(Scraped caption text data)
_ _ _ _ _

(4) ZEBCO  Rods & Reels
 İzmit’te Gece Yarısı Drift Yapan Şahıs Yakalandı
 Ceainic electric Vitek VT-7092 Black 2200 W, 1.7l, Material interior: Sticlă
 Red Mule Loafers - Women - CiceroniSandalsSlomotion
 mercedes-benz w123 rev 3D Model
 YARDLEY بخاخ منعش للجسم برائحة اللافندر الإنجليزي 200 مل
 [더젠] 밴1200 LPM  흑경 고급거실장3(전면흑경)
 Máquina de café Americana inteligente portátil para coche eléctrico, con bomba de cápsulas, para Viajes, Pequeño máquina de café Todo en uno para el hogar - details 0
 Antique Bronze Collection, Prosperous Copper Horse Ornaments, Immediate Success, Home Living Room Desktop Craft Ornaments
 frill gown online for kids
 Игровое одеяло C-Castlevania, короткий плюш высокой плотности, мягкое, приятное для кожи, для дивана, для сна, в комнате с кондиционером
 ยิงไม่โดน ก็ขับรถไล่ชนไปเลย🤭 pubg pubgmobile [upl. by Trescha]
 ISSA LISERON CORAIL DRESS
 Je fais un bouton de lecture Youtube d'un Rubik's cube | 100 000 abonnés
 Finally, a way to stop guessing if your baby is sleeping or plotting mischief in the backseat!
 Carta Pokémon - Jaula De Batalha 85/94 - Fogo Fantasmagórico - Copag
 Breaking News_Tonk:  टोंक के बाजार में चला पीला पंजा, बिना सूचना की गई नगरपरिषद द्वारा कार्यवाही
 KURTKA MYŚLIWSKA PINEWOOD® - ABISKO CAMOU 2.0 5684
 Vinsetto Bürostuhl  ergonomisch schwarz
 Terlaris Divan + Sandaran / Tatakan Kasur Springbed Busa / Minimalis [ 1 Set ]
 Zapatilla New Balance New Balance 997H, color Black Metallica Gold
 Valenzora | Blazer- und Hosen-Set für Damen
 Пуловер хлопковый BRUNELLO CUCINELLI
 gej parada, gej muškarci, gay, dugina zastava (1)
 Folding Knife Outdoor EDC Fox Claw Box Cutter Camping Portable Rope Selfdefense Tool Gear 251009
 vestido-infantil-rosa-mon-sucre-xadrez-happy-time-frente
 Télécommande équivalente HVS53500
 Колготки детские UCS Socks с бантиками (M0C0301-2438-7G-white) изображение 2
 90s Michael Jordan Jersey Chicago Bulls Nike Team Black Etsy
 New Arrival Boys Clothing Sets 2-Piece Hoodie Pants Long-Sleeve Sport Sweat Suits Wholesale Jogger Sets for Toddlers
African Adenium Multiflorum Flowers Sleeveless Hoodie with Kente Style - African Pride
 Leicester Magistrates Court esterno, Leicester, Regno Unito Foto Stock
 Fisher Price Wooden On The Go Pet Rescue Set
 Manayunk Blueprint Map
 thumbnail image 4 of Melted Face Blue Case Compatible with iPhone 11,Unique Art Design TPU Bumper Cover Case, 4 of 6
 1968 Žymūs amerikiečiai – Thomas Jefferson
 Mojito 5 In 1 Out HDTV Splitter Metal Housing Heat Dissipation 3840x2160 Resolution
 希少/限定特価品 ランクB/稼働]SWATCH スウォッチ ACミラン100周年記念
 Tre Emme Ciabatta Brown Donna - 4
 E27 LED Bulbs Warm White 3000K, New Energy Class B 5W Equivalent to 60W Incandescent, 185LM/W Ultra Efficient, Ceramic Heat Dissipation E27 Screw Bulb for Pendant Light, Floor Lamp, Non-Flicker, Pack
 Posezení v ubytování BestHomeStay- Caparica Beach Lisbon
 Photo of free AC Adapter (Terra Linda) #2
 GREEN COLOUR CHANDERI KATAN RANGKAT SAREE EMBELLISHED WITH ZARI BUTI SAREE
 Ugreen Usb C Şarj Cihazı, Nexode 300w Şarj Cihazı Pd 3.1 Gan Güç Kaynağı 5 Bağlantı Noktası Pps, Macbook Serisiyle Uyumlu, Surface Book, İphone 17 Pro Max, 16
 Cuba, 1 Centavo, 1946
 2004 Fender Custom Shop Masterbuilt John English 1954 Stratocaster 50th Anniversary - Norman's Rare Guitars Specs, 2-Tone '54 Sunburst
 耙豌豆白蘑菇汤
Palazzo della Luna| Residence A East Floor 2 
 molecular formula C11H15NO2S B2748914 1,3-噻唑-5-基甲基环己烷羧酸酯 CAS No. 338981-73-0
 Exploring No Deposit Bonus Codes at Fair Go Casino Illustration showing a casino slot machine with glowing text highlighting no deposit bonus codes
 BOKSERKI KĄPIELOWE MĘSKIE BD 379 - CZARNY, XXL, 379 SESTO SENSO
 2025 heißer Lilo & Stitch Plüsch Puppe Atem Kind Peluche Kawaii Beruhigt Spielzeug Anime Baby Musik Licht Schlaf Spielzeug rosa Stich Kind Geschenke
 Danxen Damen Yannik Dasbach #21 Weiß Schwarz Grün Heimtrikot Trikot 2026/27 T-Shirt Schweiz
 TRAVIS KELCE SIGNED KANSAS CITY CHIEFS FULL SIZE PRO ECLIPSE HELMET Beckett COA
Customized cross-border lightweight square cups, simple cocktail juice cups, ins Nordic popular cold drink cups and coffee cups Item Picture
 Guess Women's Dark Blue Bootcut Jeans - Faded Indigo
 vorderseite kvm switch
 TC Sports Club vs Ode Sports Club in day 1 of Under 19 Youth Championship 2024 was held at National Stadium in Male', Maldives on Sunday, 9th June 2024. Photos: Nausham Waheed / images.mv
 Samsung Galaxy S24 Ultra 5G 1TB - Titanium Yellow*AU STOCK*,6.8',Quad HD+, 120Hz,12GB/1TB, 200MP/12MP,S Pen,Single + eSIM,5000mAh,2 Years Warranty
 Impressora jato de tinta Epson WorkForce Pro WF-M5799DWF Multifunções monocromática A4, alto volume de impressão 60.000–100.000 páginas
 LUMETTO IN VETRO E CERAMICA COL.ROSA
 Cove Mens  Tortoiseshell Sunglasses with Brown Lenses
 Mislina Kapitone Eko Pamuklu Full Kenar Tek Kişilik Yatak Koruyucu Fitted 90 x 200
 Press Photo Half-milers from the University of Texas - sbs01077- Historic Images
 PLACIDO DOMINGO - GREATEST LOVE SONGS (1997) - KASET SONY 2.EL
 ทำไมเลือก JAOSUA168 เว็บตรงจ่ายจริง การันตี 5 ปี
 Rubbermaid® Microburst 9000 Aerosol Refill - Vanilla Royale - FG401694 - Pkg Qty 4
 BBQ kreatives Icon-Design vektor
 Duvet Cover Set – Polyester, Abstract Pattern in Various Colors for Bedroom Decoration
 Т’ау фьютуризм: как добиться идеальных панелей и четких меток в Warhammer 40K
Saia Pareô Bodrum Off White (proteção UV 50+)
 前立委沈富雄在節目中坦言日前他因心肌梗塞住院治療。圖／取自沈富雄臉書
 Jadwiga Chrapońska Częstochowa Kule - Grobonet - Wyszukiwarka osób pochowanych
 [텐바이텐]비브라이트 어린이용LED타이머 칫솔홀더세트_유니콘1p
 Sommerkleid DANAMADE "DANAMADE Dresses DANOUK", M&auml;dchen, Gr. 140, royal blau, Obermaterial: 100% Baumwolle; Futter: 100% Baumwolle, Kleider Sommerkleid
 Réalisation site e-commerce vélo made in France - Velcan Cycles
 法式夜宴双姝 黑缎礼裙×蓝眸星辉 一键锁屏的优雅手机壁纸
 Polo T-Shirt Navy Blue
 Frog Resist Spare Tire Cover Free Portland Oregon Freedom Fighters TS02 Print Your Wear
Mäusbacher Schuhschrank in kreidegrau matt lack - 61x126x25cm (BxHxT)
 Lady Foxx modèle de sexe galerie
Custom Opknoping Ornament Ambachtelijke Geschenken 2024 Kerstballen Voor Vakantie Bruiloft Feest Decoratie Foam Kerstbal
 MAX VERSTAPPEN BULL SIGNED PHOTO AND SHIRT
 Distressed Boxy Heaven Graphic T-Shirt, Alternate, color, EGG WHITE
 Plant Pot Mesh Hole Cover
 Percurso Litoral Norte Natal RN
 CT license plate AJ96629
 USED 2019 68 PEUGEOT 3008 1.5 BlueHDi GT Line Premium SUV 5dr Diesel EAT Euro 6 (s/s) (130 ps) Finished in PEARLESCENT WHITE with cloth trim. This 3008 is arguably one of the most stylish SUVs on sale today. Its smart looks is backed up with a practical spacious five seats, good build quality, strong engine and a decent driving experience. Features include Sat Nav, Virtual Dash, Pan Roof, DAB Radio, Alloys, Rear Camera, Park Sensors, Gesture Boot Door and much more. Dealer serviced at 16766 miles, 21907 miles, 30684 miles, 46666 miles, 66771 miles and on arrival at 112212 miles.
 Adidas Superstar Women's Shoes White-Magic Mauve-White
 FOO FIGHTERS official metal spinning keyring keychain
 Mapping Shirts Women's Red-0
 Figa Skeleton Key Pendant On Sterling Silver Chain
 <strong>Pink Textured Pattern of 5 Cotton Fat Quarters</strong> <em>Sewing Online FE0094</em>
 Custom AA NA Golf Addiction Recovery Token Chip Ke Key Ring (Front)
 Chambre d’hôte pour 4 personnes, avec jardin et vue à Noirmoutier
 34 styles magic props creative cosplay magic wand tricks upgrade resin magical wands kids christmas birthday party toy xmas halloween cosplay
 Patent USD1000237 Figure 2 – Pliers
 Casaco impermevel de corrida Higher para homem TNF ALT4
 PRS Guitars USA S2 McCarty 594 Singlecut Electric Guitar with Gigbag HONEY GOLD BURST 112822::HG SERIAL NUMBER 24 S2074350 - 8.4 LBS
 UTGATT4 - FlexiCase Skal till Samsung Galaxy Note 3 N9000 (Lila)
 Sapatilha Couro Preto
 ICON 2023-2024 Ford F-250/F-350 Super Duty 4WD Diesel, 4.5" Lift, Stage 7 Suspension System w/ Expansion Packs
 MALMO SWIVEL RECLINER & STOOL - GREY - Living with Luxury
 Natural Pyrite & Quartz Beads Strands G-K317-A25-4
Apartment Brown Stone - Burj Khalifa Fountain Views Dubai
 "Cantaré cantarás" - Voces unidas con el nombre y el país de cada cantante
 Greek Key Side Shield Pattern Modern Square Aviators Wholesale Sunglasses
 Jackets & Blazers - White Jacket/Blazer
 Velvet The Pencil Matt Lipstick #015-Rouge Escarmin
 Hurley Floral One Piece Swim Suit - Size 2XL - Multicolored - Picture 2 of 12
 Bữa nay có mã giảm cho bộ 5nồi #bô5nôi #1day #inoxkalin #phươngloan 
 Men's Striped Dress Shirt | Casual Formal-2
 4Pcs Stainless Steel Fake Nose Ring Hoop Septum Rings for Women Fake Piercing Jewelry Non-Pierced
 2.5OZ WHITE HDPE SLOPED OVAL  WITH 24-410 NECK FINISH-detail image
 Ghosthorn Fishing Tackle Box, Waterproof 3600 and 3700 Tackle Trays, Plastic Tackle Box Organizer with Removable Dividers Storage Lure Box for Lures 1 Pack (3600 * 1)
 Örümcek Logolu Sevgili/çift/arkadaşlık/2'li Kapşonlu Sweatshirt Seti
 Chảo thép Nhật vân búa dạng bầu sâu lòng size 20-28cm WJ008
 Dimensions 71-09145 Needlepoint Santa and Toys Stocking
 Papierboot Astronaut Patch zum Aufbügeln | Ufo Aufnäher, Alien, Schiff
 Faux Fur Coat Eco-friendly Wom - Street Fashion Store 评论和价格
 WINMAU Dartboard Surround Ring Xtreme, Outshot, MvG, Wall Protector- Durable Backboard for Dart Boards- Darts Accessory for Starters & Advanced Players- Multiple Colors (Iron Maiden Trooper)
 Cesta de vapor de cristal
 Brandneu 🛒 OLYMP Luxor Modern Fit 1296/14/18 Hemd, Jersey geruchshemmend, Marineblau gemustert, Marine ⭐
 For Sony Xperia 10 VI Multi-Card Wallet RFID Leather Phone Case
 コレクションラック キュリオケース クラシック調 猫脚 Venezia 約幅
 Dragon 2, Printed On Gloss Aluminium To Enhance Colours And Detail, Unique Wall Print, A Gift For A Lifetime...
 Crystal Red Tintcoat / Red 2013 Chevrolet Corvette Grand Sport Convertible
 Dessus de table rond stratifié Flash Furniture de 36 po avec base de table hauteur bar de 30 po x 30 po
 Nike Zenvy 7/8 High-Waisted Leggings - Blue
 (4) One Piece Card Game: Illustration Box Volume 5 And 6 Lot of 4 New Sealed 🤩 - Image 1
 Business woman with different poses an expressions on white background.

_ _ _ _ _

## Instructions to follow
Bring together all lines of the entries above in which the string "Card" occurs.

## Task solution
 For Sony Xperia 10 VI Multi-Card Wallet RFID Leather Phone Case
 (4) One Piece Card Game: Illustration Box Volume 5 And 6 Lot of 4 New Sealed 🤩 - Image 1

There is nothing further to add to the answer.